McRae told us he certainly isn’t expecting any local problems but says if there is an issue that there will be Chatham County Police and Savannah Police available.

“We will have law enforcement available for the early voting process and who will be on-site at our main office. They can assist if we learn of any attempts to violate the state rule that prohibits any non-designated poll watchers from entering the premises,” he told us.

Here is information from the Secretary of State’s Office:

Poll Watchers – O.C.G.A. § 21-2-408

A poll watcher is a person named by a political party, political body, or candidate who is
authorized to enter the enclosed space to observe the conduct of an election and the counting and recording of votes.

(d) Notwithstanding any other provisions of this chapter, a poll watcher may be permitted
behind the enclosed space for the purpose of observing the conduct of the election and the counting and recording of votes. Such poll watcher shall in no way interfere with the conduct of the election, and the poll manager may make reasonable regulations to avoid such interference.

The poll watcher shall wear such badge at all times while serving as a poll watcher.

A poll watcher cannot:

• Talk to voters
• Check electors lists
• Participate in any form of campaigning while behind enclosed space or in advance
voting location.
• In any way interfere with conduct of election or advance voting and a poll manager may
make reasonable regulations to avoid such interference.
• Use photographic or other electronic monitoring or recording devices.
• Use cellular phones in the enclosed area or advance voting location.

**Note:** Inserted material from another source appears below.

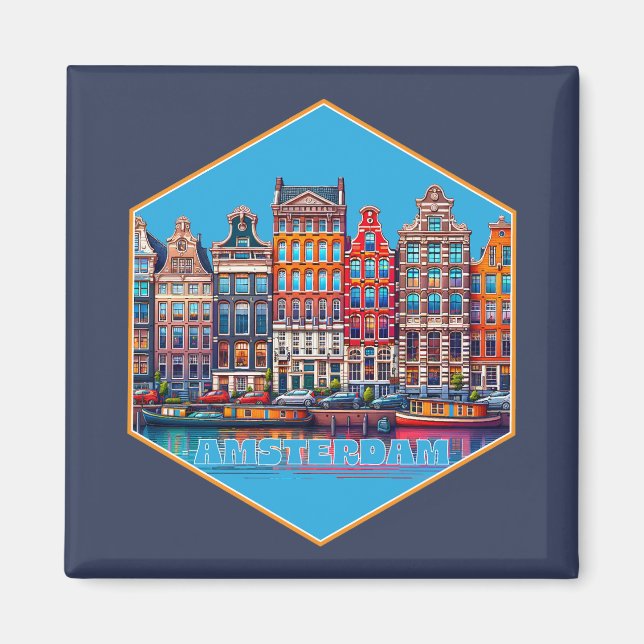 Íman Canal Amsterdã Holanda Europa (Frente)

Can a poll watcher be removed from the polling place?

Yes, a poll watcher may be removed by chief registrar, poll manager, or superintendent, if after being warned, he or she persists in interfering with the conduct of the election.

What must a poll watcher take to the polls?

The poll watcher shall have a letter signed by party chairperson and secretary, containing the name of official poll watcher, address, precinct or advance voting location assigned, and name and date of primary or run-off primary. The poll watcher shall wear the badge at all times while serving as a poll watcher.

Where may a poll watcher be in the polling place?

A poll watcher may be permitted behind the enclosed space to observe the conduct of election, and the counting and recording of votes.

Can a poll watcher be removed from the polling place?

Yes, a poll watcher may be removed by chief registrar, poll manager, or superintendent, if after being warned, he or she persists in interfering with the conduct of the election.

If a poll watcher observes an infraction, what are next steps?

A poll watcher shall report any infractions or irregularities directly to chief registrar for advance voting location, or the superintendent for Election Day precincts, NOT to the poll manager.